Part.59

3.1K 389 48
                                    

Jakarta,

Rumah lama Raul, 21.15 WIB

Tama terbangun dengan kepala yang sangat berat. Linglung memperhatikan sekitar.

Sebuah kamar, dengan tempat tidur single, meja belajar dan lemari kecil di dalamnya. Dimana ini?

Rumah lama Dias! Ya! Tadi dia mengantarkan Dias ke rumah lamanya dan Raul kan? Apa ini masih di rumah yang tadi ia kunjungi?! Ah! Shit!
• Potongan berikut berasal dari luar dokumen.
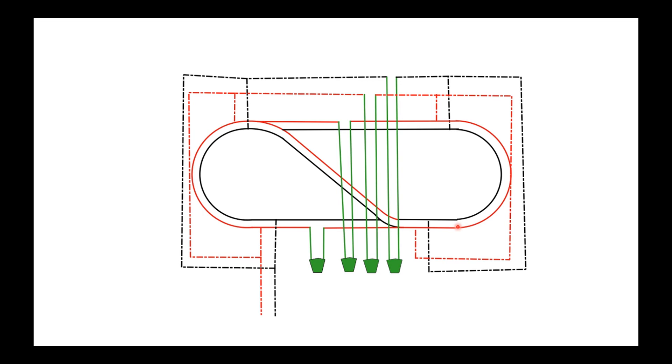So there you go. That's how the return loop works in a DC layout. There may be other ways to do it that I'm not aware of. I'm aware there are gadgets you can get for automating it. Obviously, in a DCC layout, it's completely different—or I think anyway. I have no idea about DCC. It's all a mystery to me that maybe one day I will explore.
Ponsel! Mana ponselnya? Tama merogoh kantongnya! Ah! Di motor! Tadi ia meninggalkannya disana bersama dengan dompetnya! Shit!

Ia kembali merogoh kantongnya! Membuka ritsleting kantongnya, menemukan pulpen sadapnya. Aman!
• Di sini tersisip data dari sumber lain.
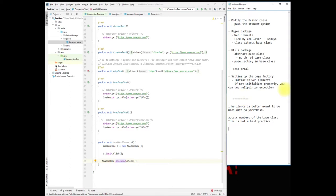Thank you so much to those who contributed with their feedback. I would appreciate if you guys write some comments below — tell me what I do good, what I do bad, and I will definitely fix them. One of the suggestions was to change the font size, so let me show you how we can do that.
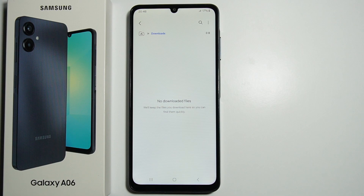If you're looking for more information about Samsung Galaxy A06, please take a look at my channel. Also, if you find this video helpful, leave a like and please subscribe. Thank you for watching, goodbye.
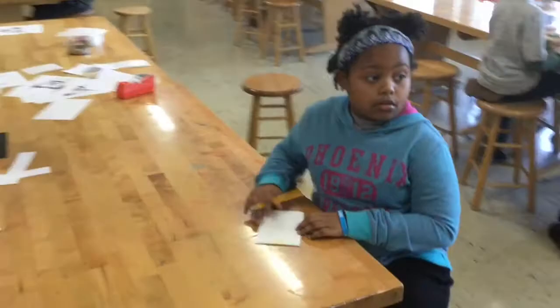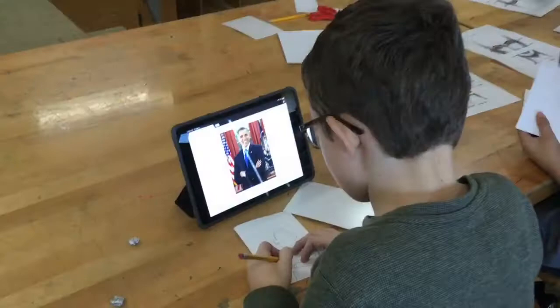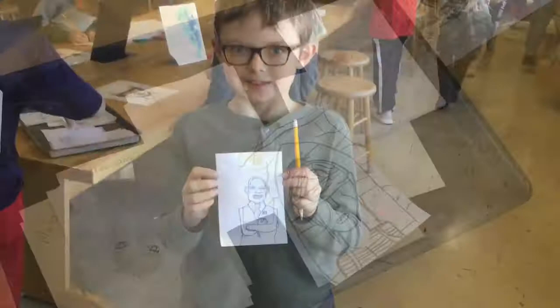I'm drawing my friend Nora. I drew Cardi B and she looking on fleek. I'm doing Barack Obama. I'm doing the mother from the bird fox.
Pengap! Tama kembali mengedarkan pandangannya, ada AC, tapi tidak dinyalakan, sementara jendela tertutup. Tama bergerak ke arah jendela dan membuka tirainya, ada mazda biru di depan jendela. Ah! Itu motor miliknya, sudah diparkirkan di sebelah mazda biru.

Dia masih di rumah tempat ia menurunkan Dias tadi!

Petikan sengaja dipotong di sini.